### WORK TO BE COMPLETED
The part below that opens with the line containing "You've now converted" and closes with the line containing "I got it from" should be copied exactly, minus any pictures.
════════════════════
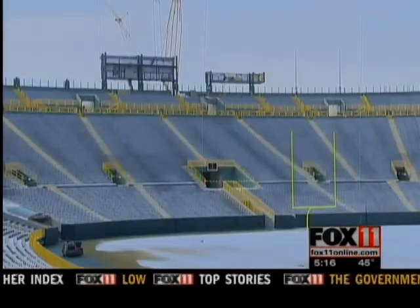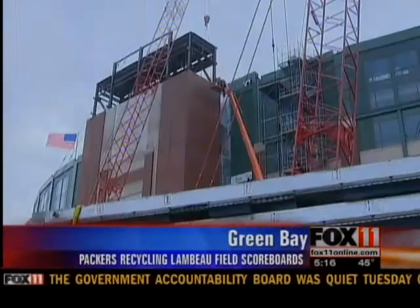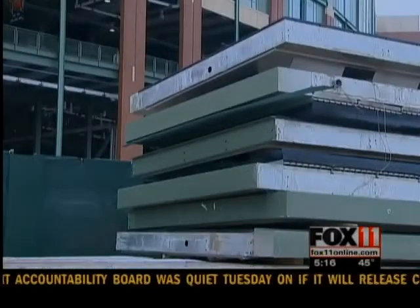The Packers are giving Lambeau Field a facelift, and they are boosting Mother Nature at the same time. Parts of the old scoreboards at Lambeau Field will be recycled. Team officials say they're hoping to salvage materials like steel, aluminum, vinyl, wiring, lighting, and the LEDs from the old boards.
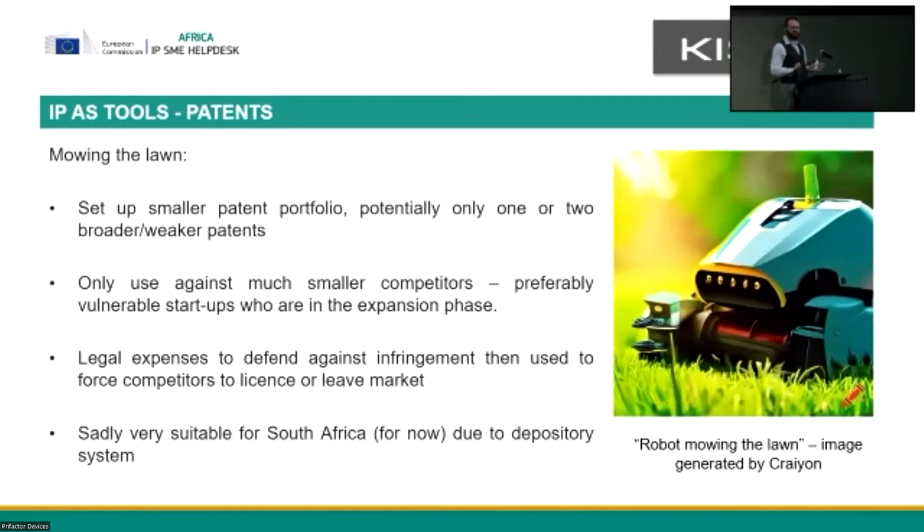You've now converted a potential competitor into a licensee — somebody who's now dependent on you. It's a wonderful strategy. It obviously takes a fairly specific set of circumstances to set up, and it's something that is sadly very suitable for South Africa because you can set up a patent without necessarily having to worry about validity until it gets to court. This is a very extreme example of what I'd call an offensive use of patents, but it's a very clever one — and we were actually on the other side of this.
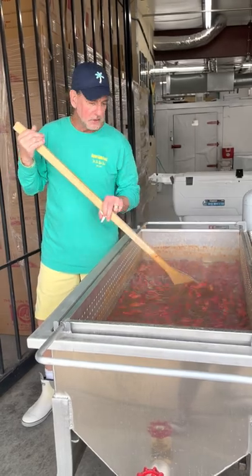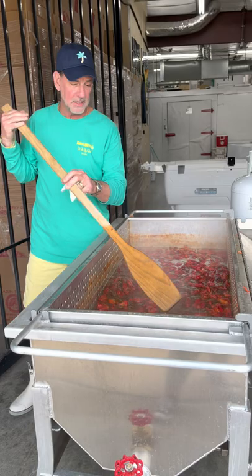Hello everybody, this is Billy here with the Cajun Turkey Company, and I love boiling crawfish. It drives me crazy in Dallas because people have this different way of cooking them that's not the way we cook them at home.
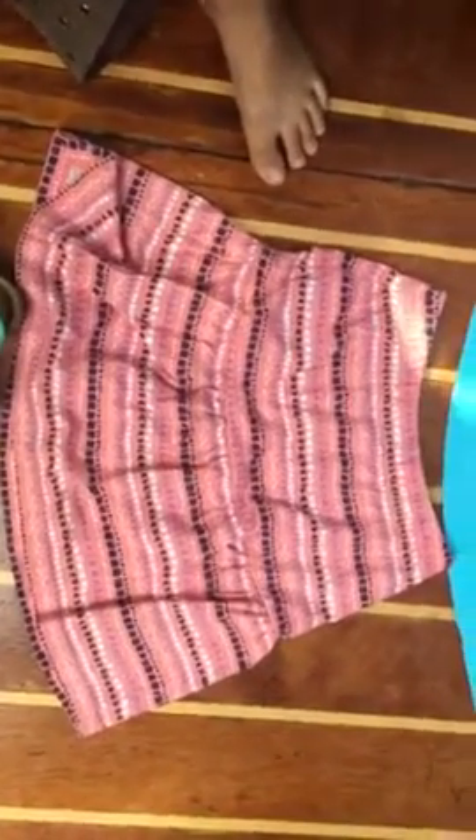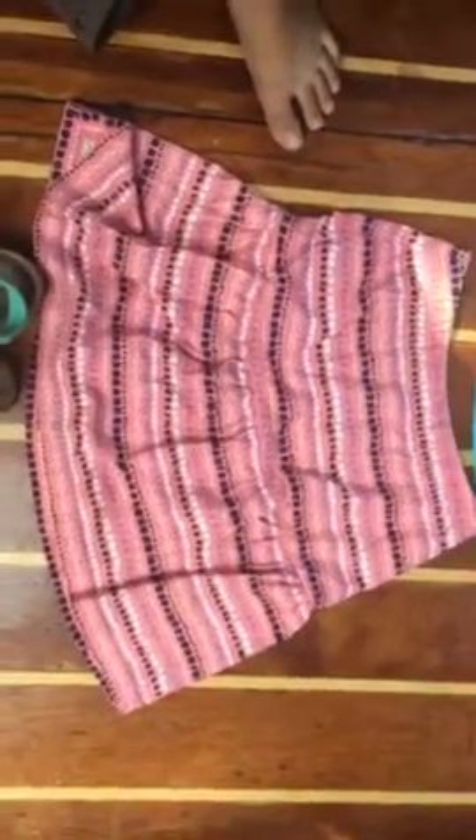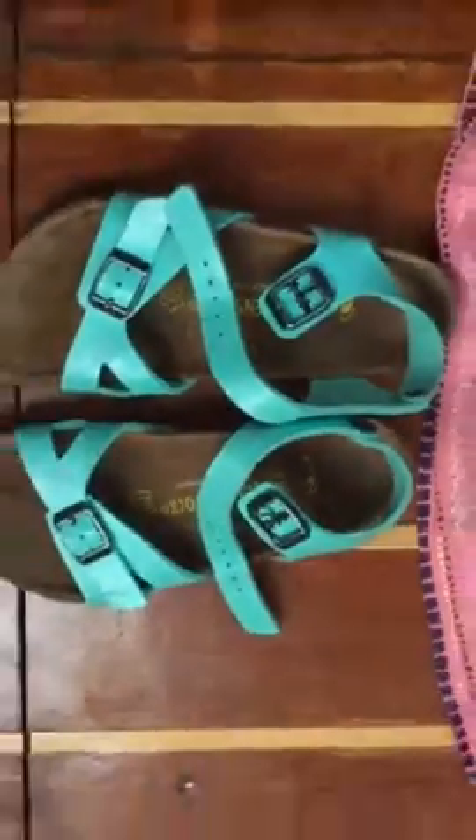I got it from a second-hand shop actually, and I got to rummage through a lot of stuff to find this one, and that's why I like it because it's just different. And then shoes — for this type of thing it can be anything, but I chose these. I thought they're quite cool, they're Birkenstocks.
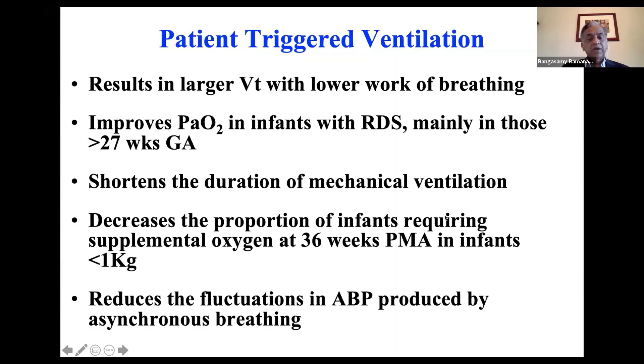Additional advantages include decreased proportion of babies requiring oxygen or developing BPD, especially in babies less than one kilo, and decreased fluctuations in blood pressure produced by asynchronous breathing. These are some of the advantages of SIMV, or patient-triggered ventilation.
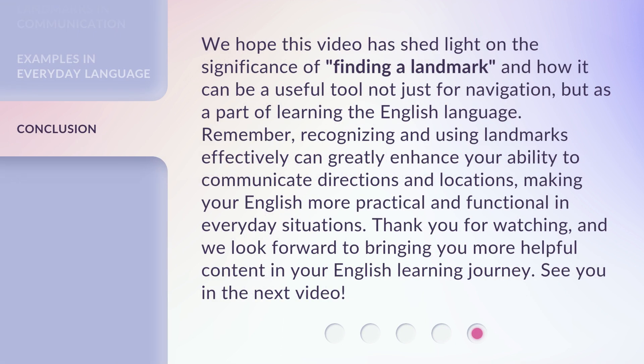We hope this video has shed light on the significance of 'finding a landmark' and how it can be a useful tool not just for navigation, but as a part of learning the English language. Remember, recognizing and using landmarks effectively can greatly enhance your ability to communicate directions and locations, making your English more practical and functional in everyday situations.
════════════════════
### TASK RESULT
You've now converted a potential competitor into a licensee — somebody who's now dependent on you. It's a wonderful strategy. It obviously takes a fairly specific set of circumstances to set up, and it's something that is sadly very suitable for South Africa because you can set up a patent without necessarily having to worry about validity until it gets to court. This is a very extreme example of what I'd call an offensive use of patents, but it's a very clever one — and we were actually on the other side of this.
Hello everybody, this is Billy here with the Cajun Turkey Company, and I love boiling crawfish. It drives me crazy in Dallas because people have this different way of cooking them that's not the way we cook them at home.
I got it from a second-hand shop actually, and I got to rummage through a lot of stuff to find this one, and that's why I like it because it's just different. And then shoes — for this type of thing it can be anything, but I chose these. I thought they're quite cool, they're Birkenstocks.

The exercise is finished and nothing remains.